Justin never meant any harm behind his sharp tongue. People baffled him. He asked questions that he often would look back on and could recognize how they came out as sarcastic, but his inquiries were always out of genuine curiosity. Well, most of the time. Sometimes, he just couldn’t help himself. He often found himself wondering what was wrong with him when people mistook his intent, but he never felt that way with Karmen. She always made him feel seen and accepted. It scared him how quickly he felt so comfortable around her. Surely, she had recognized his social awkwardness, but she never characterized it as a flaw or felt the need to point it out to him, as if he wasn’t aware of it. It was one of the things that drew Karmen to him out of a long list of things.
“Woah!” Kevin heard his best friend, Harrison, yell. The loud cheering and clapping broke Justin from his reverie.
“What did I miss?” He asked.
“Are you kidding me?” Harrison asked in disbelief.
Justin didn’t justify that question with a response. Instead, he simply continued to stare at his best friend.
Harrison released an annoyed sigh, “The rookie just hit his first home run at his first at-bat. Yankee history is being made right in front of you, and you’re missing it.”
“It’s not as if he’s the first rookie to do it.” Justin retorted.
“Noooooooo,” but it doesn’t happen often. Where were you anyway? Shouldn’t you be working?”
“What’s with the third degree?” Justin defended.
“You’ve been off your game for acoupla weeks, but the Yankees are the sole reason you became a sportswriter. They are your one true love. What could possibly have enough power to distract you from your….” Harrison trailed off.
“Oh.” The lightbulb went on over his head. “Who is she?”
“Bold of you to assume it’s a woman,” Justin stated.
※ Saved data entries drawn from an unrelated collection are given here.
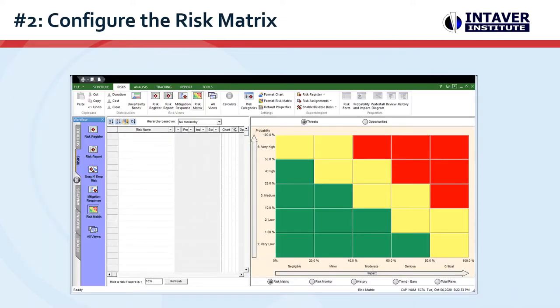Number two: configure the risk matrix. The risk matrix is central to how risks are assessed, managed, and reported. It is important that it is configured correctly based on the type of analysis you are doing. This can include the number of impact and probability columns and rows, ranges, colors, input formats, and risk scoring. Open the risk format dialog box to begin.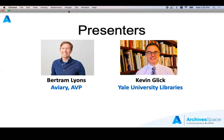Kevin Glick is Head of Digitization and Digital Preservation and Archivist in Yale University Libraries Manuscripts and Archives, where he focuses on digitization, digital libraries, and technology issues in special collections and archives. He manages the architecture of the Fortunoff Video Archive for Holocaust Testimonies' digital preservation and access systems, as well as digitization of all materials related to that collection. Welcome, Bert and Kevin.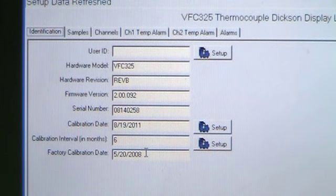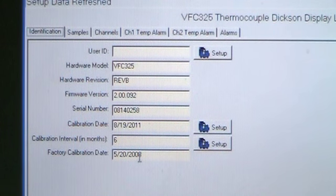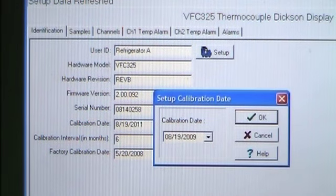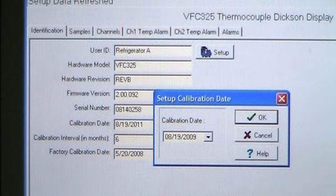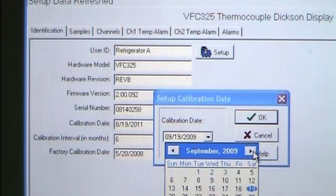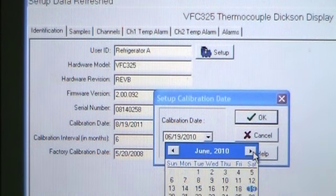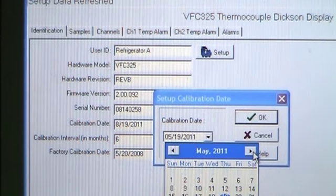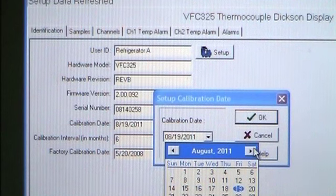Should all fields remain blank, refer to the no communication section in the troubleshooting section of this manual. Choose the Setup button for calibration date and change it to a date two years from when you are setting up this logger, then hit OK.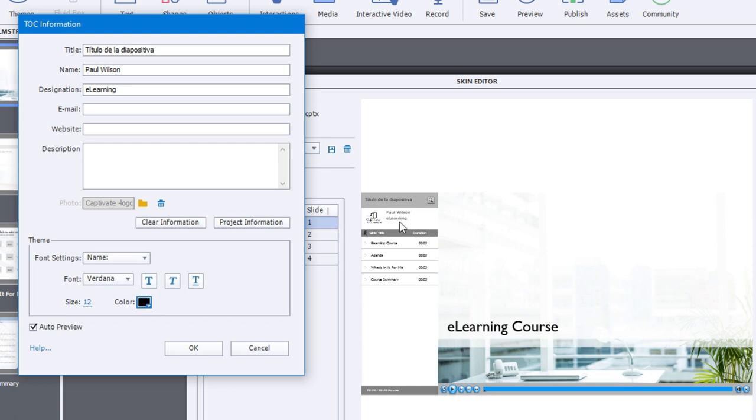So there are quite a few ways that you can customize your table of contents menu to see fit for your organization.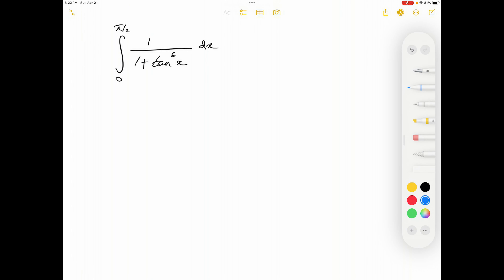Today we will see how to evaluate the integral from 0 to π/2 of 1 over (1 + tan⁶x) dx. Some of you commented that the theorem discussed in my last video doesn't have that many applications, but here is one other nice application.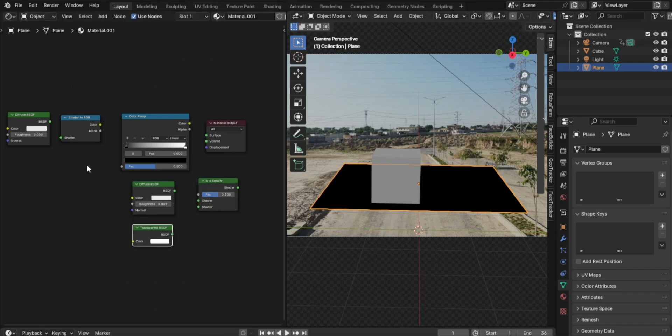Step 4: Connect the Nodes. Connect the Diffuse BSDF to Shader to RGB. Connect Shader to RGB to Color Ramp.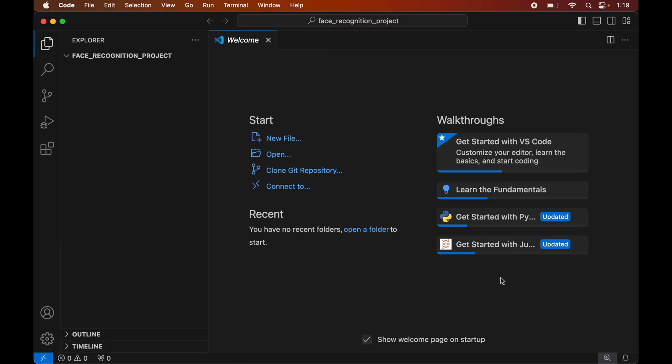Before installing face recognition, we will create a virtual environment for this opened project because it is recommended to have a separate virtual environment for each Python project. We will create the virtual environment first, and after that we will install the face recognition library inside it. If you already have a virtual environment for your project, you can skip the creation part, directly activate the environment, and then install the face recognition library inside that activated environment.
“Oh, I’m sorry. Who is he?”
“No. I meant bold of you to assume it’s a love interest.”
“C’mon, man! Unless a beautiful woman is standing in front of you, nothing steals your attention from the game.” Harrison hit him with a verbal 2×4.
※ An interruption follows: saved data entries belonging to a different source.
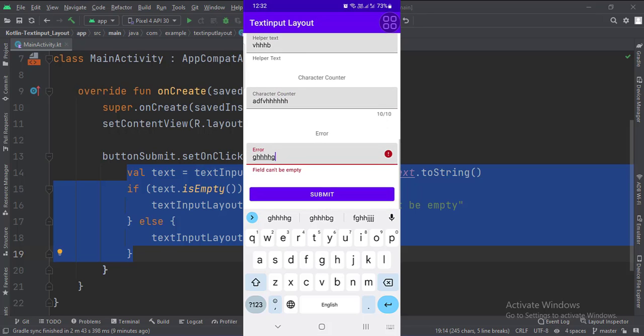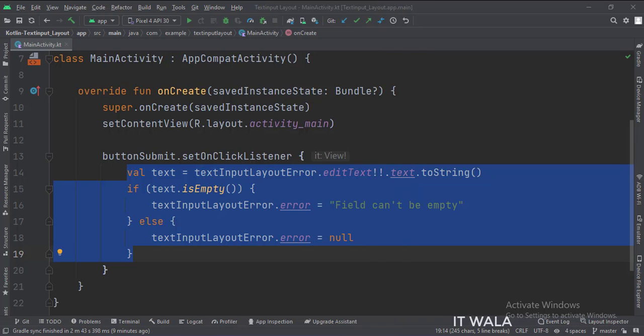So that's it. That's how you can implement the text input layout in Kotlin Android. Thank you.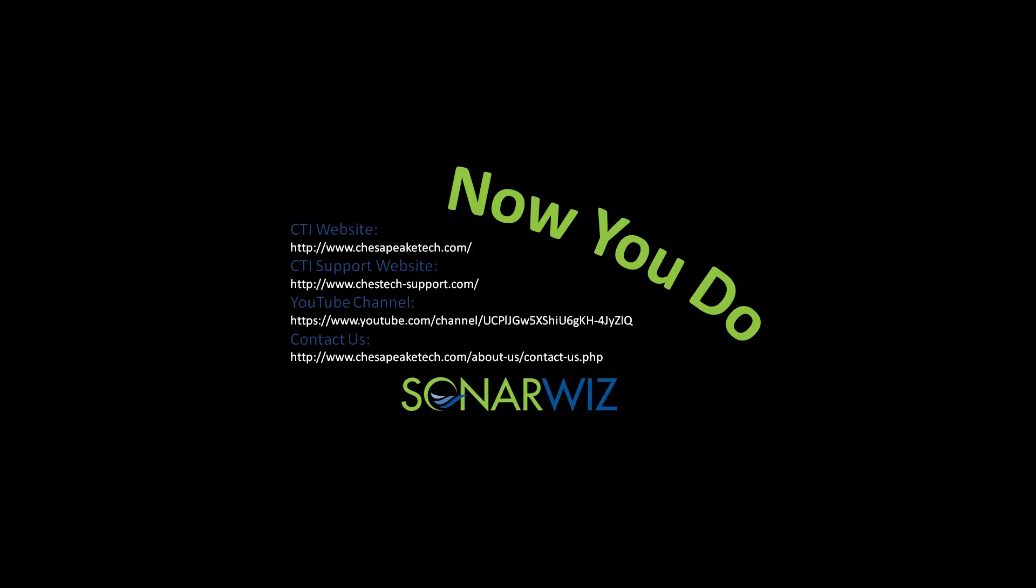That wraps up this video. Thanks for watching. If you'd like to see more videos like this, please visit our website or subscribe to our YouTube channel.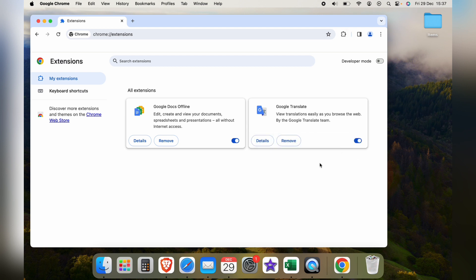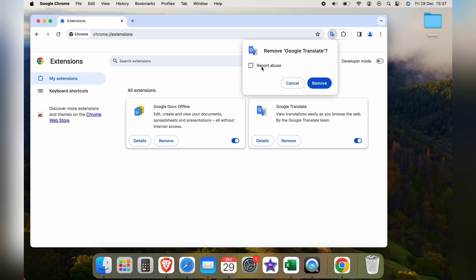However if you want to permanently delete it, you want to select remove and if the extension has been causing you problems you want to press report abuse and this will go to Chrome to look into the extension.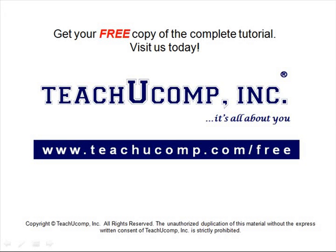Get your free copy of the complete tutorial at www.teachucomp.com/free.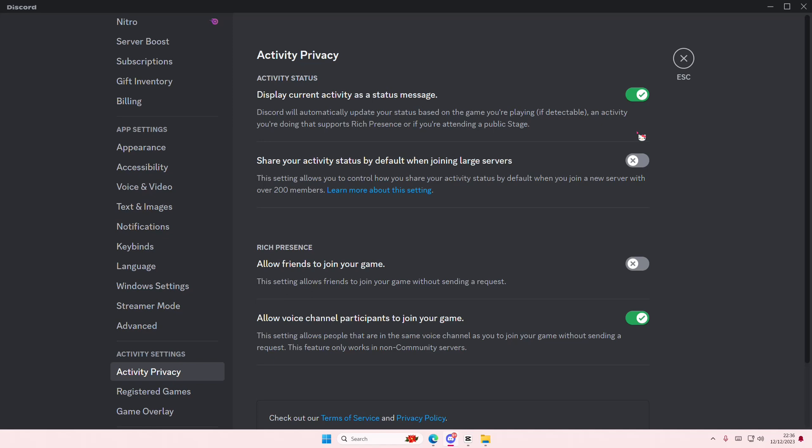If I'm online or I'm idle, or even if I'm busy, it's going to show if you're playing games. It doesn't work if you're offline though.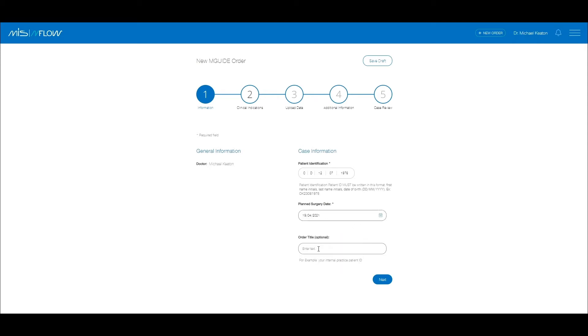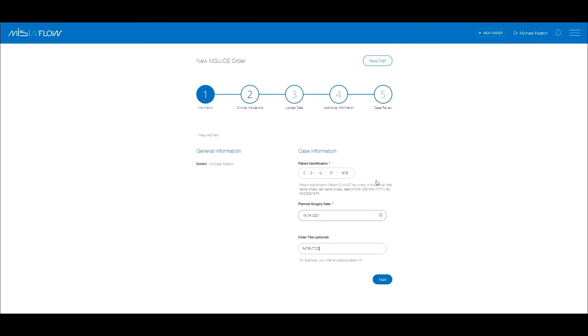In the order title box, you can write your internal practice patient code if you have one. This is not a mandatory field. At any point, you may save the order as draft if necessary. Order drafts may be reached from the home page. Click on the Next button.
He had him there. “Okay, her name is Karmen, and we are just friends.”
Harrison shot Justin a look that informed him Harrison did not believe him.
“Well, we are.”
“Whatever you say, Justin.”
Justin turned his attention back to the game. He needed to focus if we were going to take enough notes to practically write the article before making the little over an hour journey to Fairfield for the weekend.
Karmen York, Miranda Walker, Cee Laurie, and Jarrett McClane spent the afternoon on the front porch. The four of them sat facing the beach. Jarrett and Cee sat with their legs extended, one ankle crossed over the other, resting on the porch banister. Karmen and Maranda sat with their legs crossed at the knee. Karmen had the Orioles game playing lowly on the radio.
“Did you think the four of us would ever be in such different stages of life?” Jarrett broke the comfortable silence.
Cee sighed deeply, “If you’re asking if I ever thought that one day, I’d be sitting on the porch of the beach house with my best friends, recently divorced, then no.” She retorted.
Karmen reached out and placed a comforting hand on her knee as she noticed Cee fighting back tears.
Cee smiled at Karmen, “And here you are, recently widowed….”
“Don’t do that,” Karmen moved back to her comfortable, crossed-legged position. “Grief is grief.”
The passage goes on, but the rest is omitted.